SATELLITE DISHES MARK the main gate of Fort Gordon, eggshell white and lasering up at the moon. It’s a modest shrine, as these things go. Many military bases put machines of might on the front porch—tanks or helos or jumbo artillery guns—but the dishes fit Fort Gordon just fine. They’re subtle. They’re quiet. Inside the gates it’s more of the same. Fort Gordon sits in a soft Georgian basin, the traditional home of the US Army Signal Corps. Signal has been around since the Civil War and has long been responsible for military communications—flags and torches back in the day, radios and cables and mesh networks in the more recent past. Recently, this staple of warfare started sharing its digs with a new branch: cyber. Find the right Signal old-timer, maybe one feeling cranky or deep in their cups in a bar along the dark Augusta riverfront, and they’ll talk candidly about this new branch. They say it with envy, and sibling affection. Still, though. They say it.

“Damn showboats.”

Maybe there’s some truth to that; maybe it’s just bureaucrat territorialism. Either way, what’s happening at the US Army’s new cyber branch headquarters marks a change for Fort Gordon. For the surrounding community too, with civic leaders hoping to turn Augusta and its neighboring cities into a national cybersecurity hub. Hell, what’s happening with cyber might be changing warfare itself.

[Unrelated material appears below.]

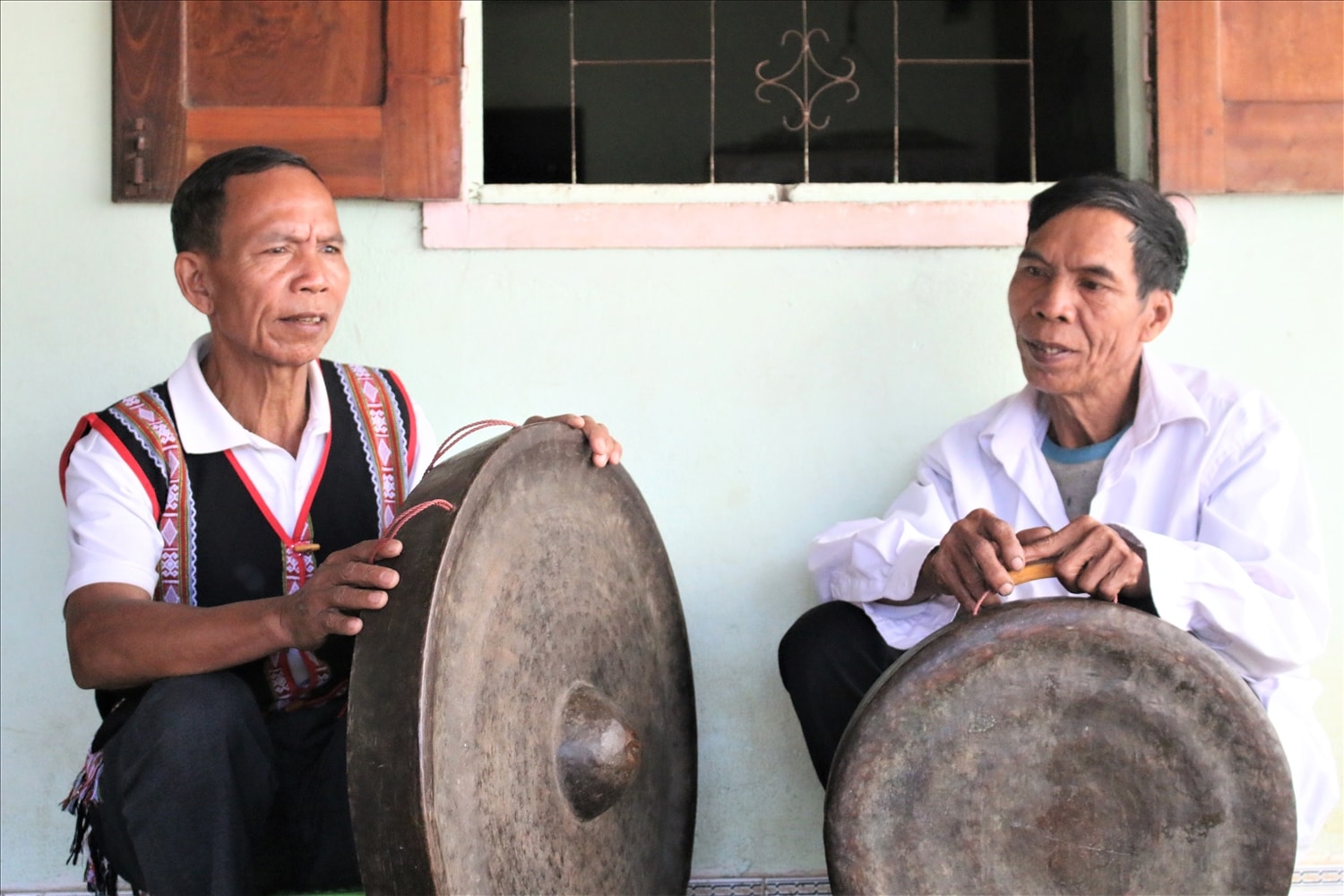 Ông A Giáo (áo thổ cẩm), già làng, Người có uy tín thôn Đăk Tăng, xã Ngọk Tụ, tỉnh Quảng Ngãi. (Ảnh: Ngọc Chí)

And the soldiers charged with carrying it out don’t even carry rifles on missions. Their minds are their weapons, they say.

Silly? It can sound that way. Accurate? It is.

At any given moment at Fort Gordon, instructors in khakis are teaching soldiers at every stage of their career—shiny new privates, steely-eyed noncoms, cherry lieutenants, surly captains. Different courses tailored for different ranks, for months at a time, on how to wage war through computer networks in ways both offensive (disabling enemy networks is one potential tactic) and defensive (trying to find vulnerabilities in US military systems before an adversary can). Meanwhile, elsewhere on the base, about 900 cyber operators who’ve already passed through a form of this training—70 percent of the Army’s 1,300 active-duty cyber soldiers—are doing these very things for real.

Well. As real as this kind of thing can be.

Joining the military as a young person has been a rite of passage since time immemorial. See the World. Protect and Defend. Endless war adds something else to the calculus of service. An all-volunteer force adds another something else. And drones and computer hacking adds even yet another something else.

The aimless kid who becomes a stud infantry grunt is a stereotype we know well from tales of Americana. Same with the brash overachievers who learn to thrive in the cockpit. But who joins the military to hack computer networks? What does this new type of warfare mean for soldiers, and how does it shape their training? While we’re at it, how does this reflect on us all, as citizens of a republic?

Big questions. Messy answers.

So. Through the Fort Gordon gates, past the Holiday Inn Express, beyond the stark Signal Towers building, seemingly built for the Warsaw horizon after World War II. Hang a left at Domino’s Pizza, then a right at the barracks bursting with young soldier angst. There lies a squat red-brick building. HEADQUARTERS, the sign reads. UNITED STATES ARMY CYBER SCHOOL.

Don’t let the plainness of the building fool you, though. Inside is a laboratory of ideas and ambitions and a home to the Army’s most ardent cyber apostles. Young aspirants can be part of it too. If they’re smart enough. If they’re creative enough. If they’re ready for physical training before dawn. Even Uncle Sam’s hackers need to be fit and trim.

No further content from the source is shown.